**Assignment**
All records below are to be duplicated exactly, with every picture excluded.

Stored data:

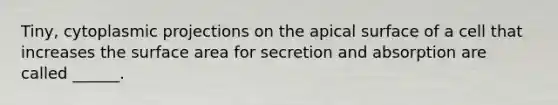 Tiny, cytoplasmic projections on the apical surface of a cell that increases the surface area for secretion and absorption are called ______.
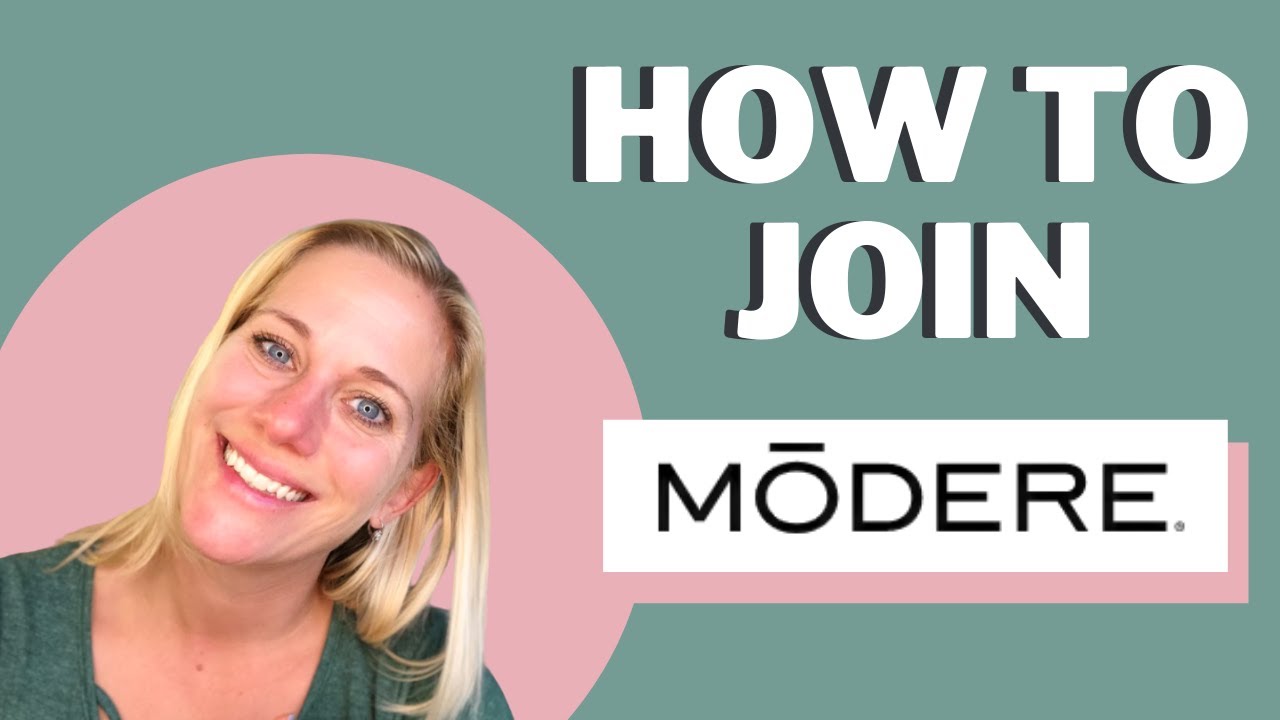 How to Join Modere In 2022 - YouTube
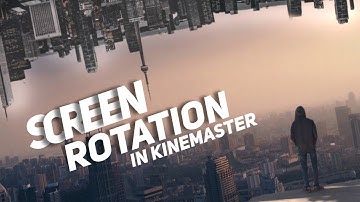 Screen Rotation In Kinemaster | Screen Rotation Effect Kinemaster | Kinemaster Tutorial | World Bend
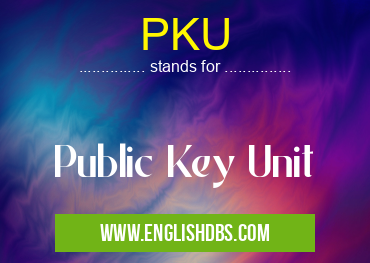 PKU means Public Key Unit PKU
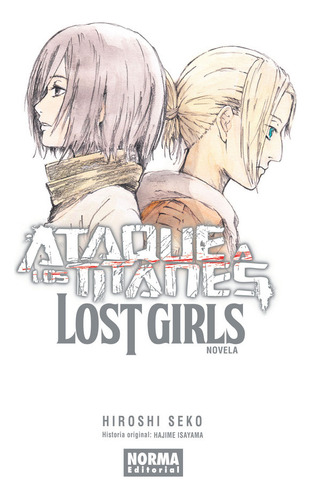 Libro Ataque A Los Titanes. Lost Girls (novela) - Isayama...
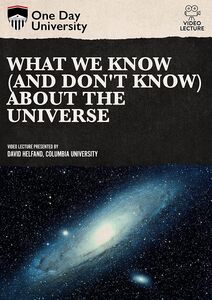 One Day University: What We Know (And Don't Know) About the Universe
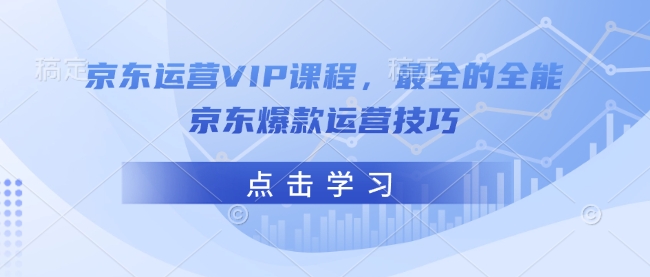 京东运营VIP课程，最全的全能京东爆款运营技巧-猴哥VIP资源站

**Answer space**
 Tiny, cytoplasmic projections on the apical surface of a cell that increases the surface area for secretion and absorption are called ______.
 How to Join Modere In 2022 - YouTube
 Screen Rotation In Kinemaster | Screen Rotation Effect Kinemaster | Kinemaster Tutorial | World Bend
 PKU means Public Key Unit PKU
 Libro Ataque A Los Titanes. Lost Girls (novela) - Isayama...
 One Day University: What We Know (And Don't Know) About the Universe
 京东运营VIP课程，最全的全能京东爆款运营技巧-猴哥VIP资源站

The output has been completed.